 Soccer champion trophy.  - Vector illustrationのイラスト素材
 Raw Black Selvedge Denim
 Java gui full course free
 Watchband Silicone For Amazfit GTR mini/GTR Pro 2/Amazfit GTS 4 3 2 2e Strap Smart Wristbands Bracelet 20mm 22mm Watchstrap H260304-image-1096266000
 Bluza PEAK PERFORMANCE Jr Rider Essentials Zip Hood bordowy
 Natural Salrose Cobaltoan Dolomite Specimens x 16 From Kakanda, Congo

----

_ABOUT THIS EXERCISE_.
Copy every record above out again, word for word.

_SOLUTION_.
 Soccer champion trophy.  - Vector illustrationのイラスト素材
 Raw Black Selvedge Denim
 Java gui full course free
 Watchband Silicone For Amazfit GTR mini/GTR Pro 2/Amazfit GTS 4 3 2 2e Strap Smart Wristbands Bracelet 20mm 22mm Watchstrap H260304-image-1096266000
 Bluza PEAK PERFORMANCE Jr Rider Essentials Zip Hood bordowy
 Natural Salrose Cobaltoan Dolomite Specimens x 16 From Kakanda, Congo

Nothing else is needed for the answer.